Musst Du dann jedes Jahr die Dachentwässerung im Boden tauschen weil sie geplatzt .....Ich glaube nicht?


----------



## trampelkraut (2. Sep. 2016)

Es wäre für die Klärung hilfreich wenn der Beitragsersteller mal ein Bild der Einbausituation einstellen könnte. Ansonsten ist alles Spekulation.


----------



## samorai (2. Sep. 2016)

Wie soll er denn das machen,  .....alles aufbuddeln, nur für ein Foto!


----------



## samorai (2. Sep. 2016)

Wozu brauchst Du denn ein Foto, im Beitrag Nr.1 ist alles erklärt.


----------



## trampelkraut (2. Sep. 2016)

Erklärt ja, aber Bilder sagen mehr als Worte.


----------



## samorai (2. Sep. 2016)

Ja, dann mach mal ein FOTO!


----------



## Turbo (3. Sep. 2016)

Salü

Deine Montage kann ich mir nicht wirklich vorstellen.
Aber vielleicht helfen dir die Tipps doch weiter.
- Kannst du die Rohrleitungen mit Pressluft ausblasen, so das sie wasserlos bleiben.
Dies mache ich bei gefährdeten Gartenwasserleitungen welche sich nicht sauber entleeren lassen.
- Kannst du die Leitung mit einem  Propylenglykol Wasser Gemisch füllen. Dies wird bei Kollektoren und Kälteleitungen angewendet. (Giftig)
- Mit einer kleinen Pumpe das Wasser in der Leitung immer in Bewegung halten. dann gefriert auch nichts.
Aber aufpassen das der Teich nicht auskühlt.

Das Heizkabel wird wenn richtig montiert und gedämmt klappen.
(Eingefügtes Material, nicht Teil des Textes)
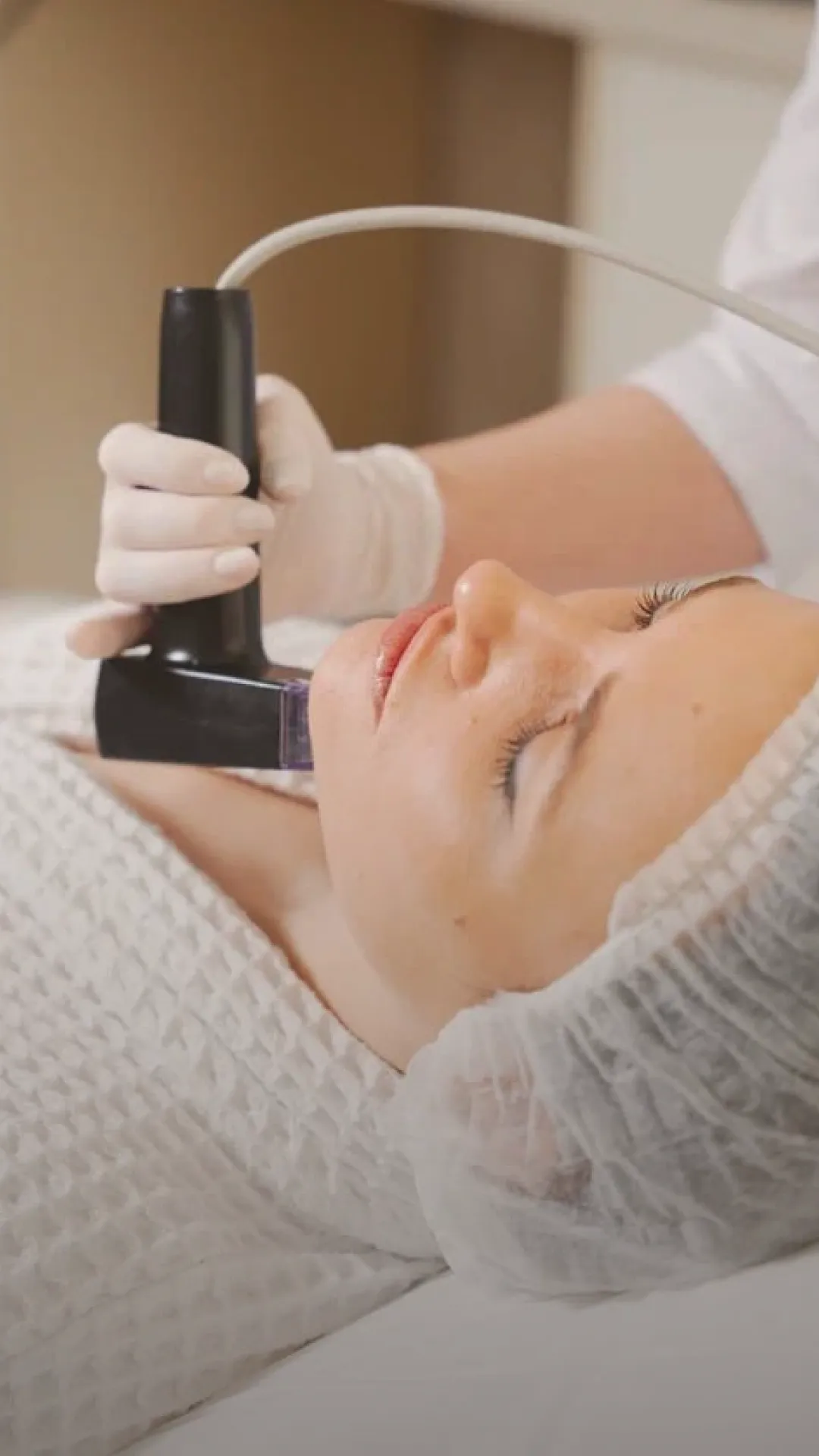 Игольчатый RF-лифтинг — скидка до 50%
Kenne aber nur die Profi Lösungen.


Nur so nebenbei: Dem Wasser ist es ziemlich egal ob es einige Bar Ruhedruck hat oder nicht. Wenn es kalt genug ist, wird es gefrieren.


----------



## hobbyfreund (3. Sep. 2016)

hallo, hier mal zwei Bilder der Situation
bild 1 zeigt im oberen Bereich die Rohrenden im IBC.



   

Nochmal zur Klarstellung: 
Es wird nicht mehr umgebaut !
Ein Haus drüberbauen ist nicht möglich !
Rohre kommen aus der Erde ( das Obere im 30 ° Winkel von Unten,es  muss also auch im letzten Teil über Erde gedämmt werden )
Das obere Rohr kommt vom BA und das allein führt dann noch Wasser im Winter.
Das untere Rohr kommt vom Skimmer ( noch gar nicht angeschlossen ) und wird zum Winter abgepumpt, wasserlos sein.
Abstand von Erdmauer zum IBC ca. 50-60 cm.
Die Filteranlage ansich besteht aus Pumpenkammer und weiteren 2 IBC und  wird zum Winter wasserlos gestellt.
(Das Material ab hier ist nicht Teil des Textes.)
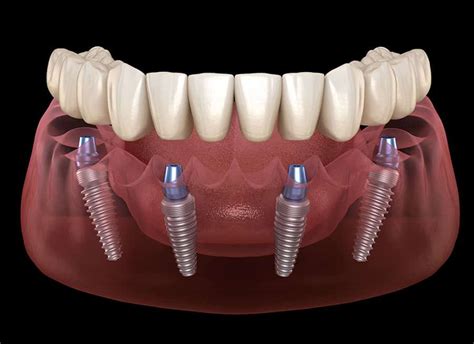 All on 4 Dental Implants: Is it Cheaper in Costa Rica?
Mit Sprudelstein im Rohr, daran hatte ich auch schon gedacht. Dann noch zusätzlich zum Frostkabel.


----------



## Turbo (3. Sep. 2016)

Gedämmten Deckel drauf und einen Elektro Frostwächter ( Elektro Ofen mit Frostwächter Funktion ) in den Schacht


----------



## troll20 (3. Sep. 2016)

Hallo Frank, so wie Patrik / Turbo schon schreibt.
Du hast einen Filterkeller über diesen sollte doch bestimmt eh eine Abdeckung (Terrasse) , oder ?
Den Deckel dämmen und einen Frostwächter rein das reicht.
Und wenn du dann den Filter durchlaufen lässt freuen sich auch noch die Bakkis und damit auch die Fische.


----------



## hobbyfreund (3. Sep. 2016)

troll20 schrieb:


> Du hast einen Filterkeller über diesen sollte doch bestimmt eh eine Abdeckung (Terrasse) , oder ?
> Den Deckel dämmen und einen Frostwächter rein das reicht.
> Und wenn du dann den Filter durchlaufen lässt freuen sich auch noch die Bakkis und damit auch die Fische.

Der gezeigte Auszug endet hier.